1. "Within the next generation I believe that the world’s leaders will discover that infant conditioning and narco-hypnosis are more efficient, as instruments of government, than clubs and prisons, and that the lust for power can be just as completely satisfied by suggesting people into loving their servitude as by flogging them and kicking them into obedience."
    -
    Aldous Huxley, quoted by AZspot and cited by Daniel Holter (who are both great). I have never cared for this form of analysis, which establishes a perceiving elect -generally the very educated- as capable of distinguishing ‘authentic’ happiness from suggestible, hypnotized ersatz-happiness. Note the wording: the clever leaders can trick people into “loving” their servitude.

    Excellent analysis.

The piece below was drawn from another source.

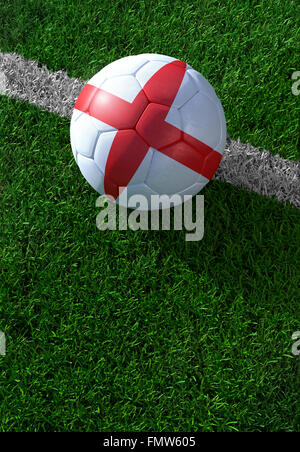 Pallone da calcio e bandiera nazionale di Inghilterra si trova sull'erba verde Foto Stock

You’re quite justified in deriding Huxley on this point: his philosophy is born of a sort of hipster aristocracy: a devious claim on the stewardship of the people through an elegant and compelling indictment of those perceived to be the “ruling class”.

    That said, however, I’m not with you on your vague endorsement of democracy and pop culture. It’s an easy turn to make: if everyone who rails against the current situation is a fascist, then the current situation must be justifiable, because I can think of nothing wrong with it that would not make me a fascist as well.

    But this is simply to concede the game to the tyranny of multiculturalism. I have no problem with television, junk food, vacation packages, digital cameras, etc. as such. Yet in your “respect” for the individual’s right in a democracy to choose these things you are denying that any kind of truth or wisdom can be sought in our confusing world.

    I don’t think that anything Huxley ever said justifies him in committing violence against his fellow-man in a democracy, no matter how abhorrent the political situation surrounding him was. But that’s just the thing: he didn’t start throwing (nor did he directly get others to start throwing) bombs. How many other philosophies can lay claim to this distinction?

    In the end, we are better for Huxley’s writing if it makes us question our material-technological surroundings and the modes of control they create.